▶ **WORK INSTRUCTION**: What is needed is an exact copy of the lines in the entries below from the one holding "And this is" through the one holding "Let's start problem", pictures excluded.

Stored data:
┏━━

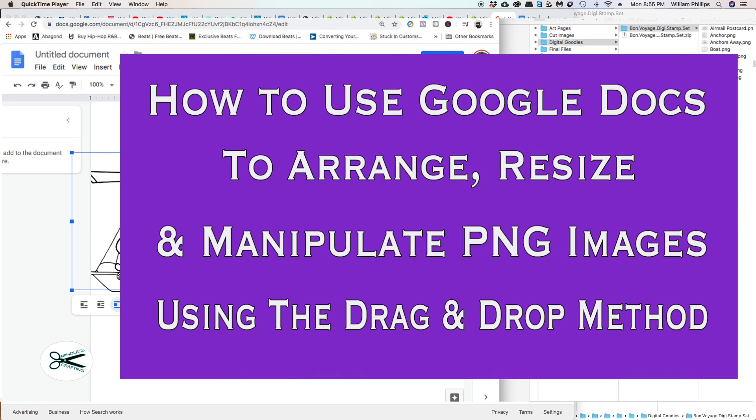Hello! Welcome to Mindless Crafting. My name is Bill. Today we're going to be doing a relatively short video tutorial demonstrating how to use Google Docs to manipulate your PNG files, arrange, resize, and use the drag-and-drop method.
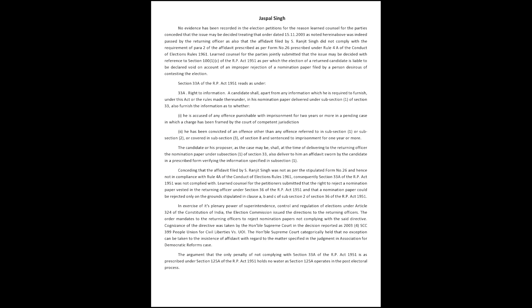Learned counsel for the petitioners submitted that the right to reject a nomination paper is vested in the returning officer under Section 36 of the RP Act 1951, and that a nomination paper could be rejected only on the grounds stipulated in Clauses A, B, and C of subsection 2 of Section 36. In exercise of its plenary power of superintendence, control, and regulation of elections under Article 324 of the Constitution of India,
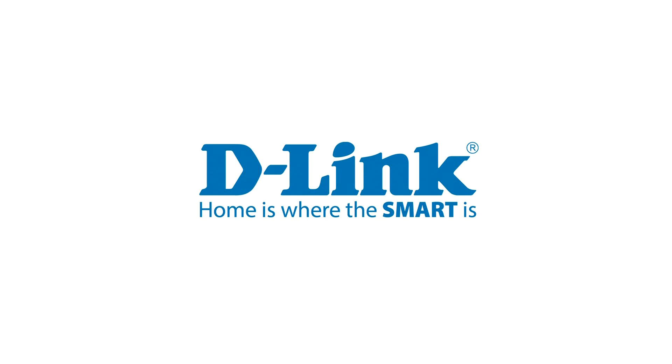Thank you for watching. Check out our other support videos at dlink.com support.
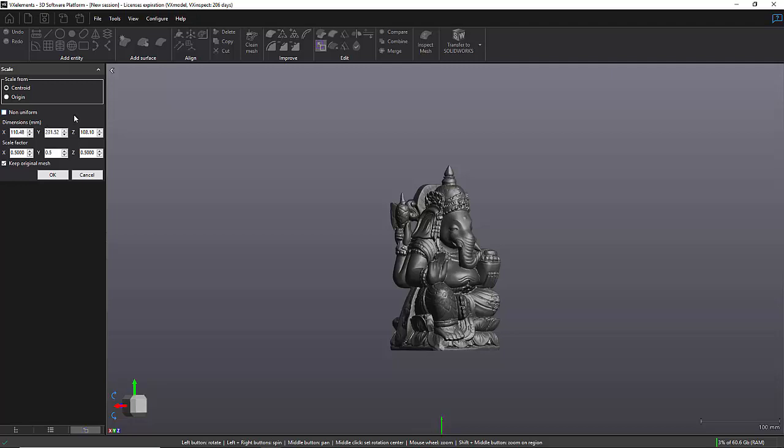And this is because I have the non-uniform scaling checkbox that is unchecked. So that's pretty much it.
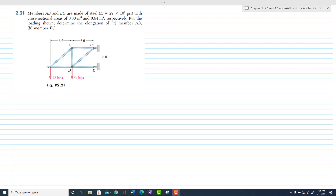Let's start problem 2.21. The statement of the question is that members AB and BC are made up of steel having a modulus of elasticity, with cross-sectional areas given respectively. For the loading shown, determine the elongation in members AB and BC. From the figure, you can see that members AB and BC are made up of steel and their areas are shown.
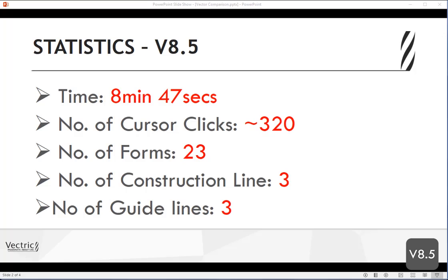Looking at the statistics for version 8.5: time taken was 8 minutes 47 seconds, the number of cursor clicks was around 320, the number of forms used was 23, construction lines were 3, and guidelines used were 3.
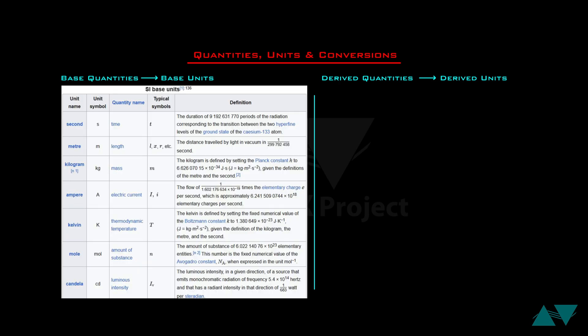Let's take a look at this chart. The first important column is the quantity name. The 7 base or independent quantities are: Time, Length, Mass, Electric Current, Thermodynamic Temperature, Amount of Substance, and Luminous Intensity.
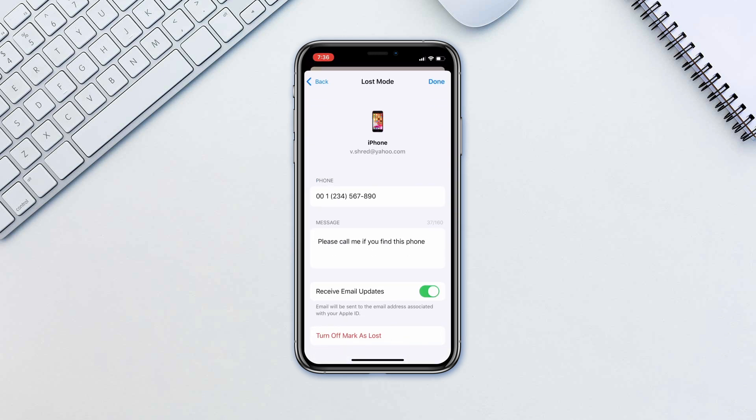If you have Apple Pay set up on the device, it is disabled. A confirmation email is sent to the primary email address associated with your Apple ID. When you recover your device, you will need to unlock it with your passcode.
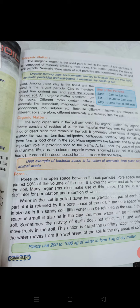Soil is a good facilitator for percolation and retention of water. Water in the soil is pulled down by the gravitational pull of the earth, and some part of it is retained by the pore space. If the pore space is large in size, as in sandy soil, little water can be retained.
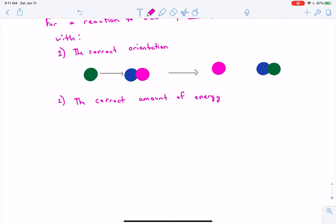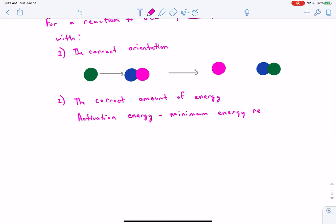The second requirement is the correct amount of energy - specifically the activation energy, which is defined as the minimum energy required for a reaction to occur. In every reaction there is a difference in energy state between reactants and products, and you must overcome that difference. Usually you have to put in more energy than either state to set that into motion.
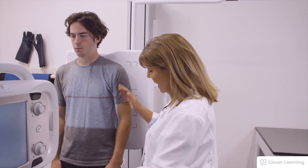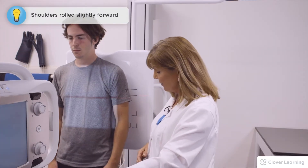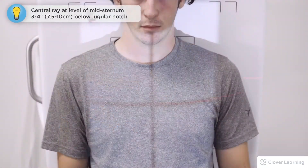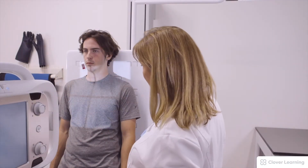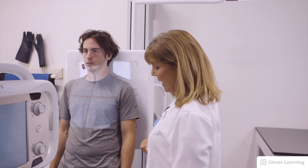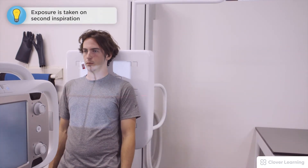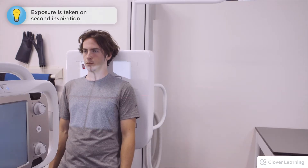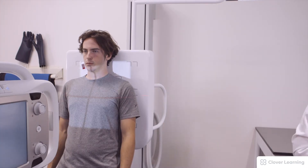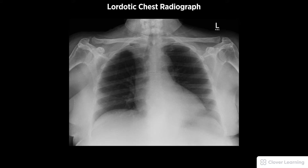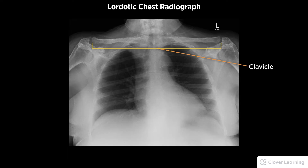I'm going to push you back and we're going to have you step out with your feet. Now we have the central ray in between the sternum. We've got a right marker on the right side. We're going to have him take in a big deep breath, blow it all the way out, take in another big deep breath, hold, don't move — and the exposure is made. A diagnostic lordotic chest radiograph should be free of motion and rotation and include the clavicles projected superiorly to the lung apices.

┗━━

▶ **SOLVED PROBLEM**:
And this is because I have the non-uniform scaling checkbox that is unchecked. So that's pretty much it.
Let's start problem 2.21. The statement of the question is that members AB and BC are made up of steel having a modulus of elasticity, with cross-sectional areas given respectively. For the loading shown, determine the elongation in members AB and BC. From the figure, you can see that members AB and BC are made up of steel and their areas are shown.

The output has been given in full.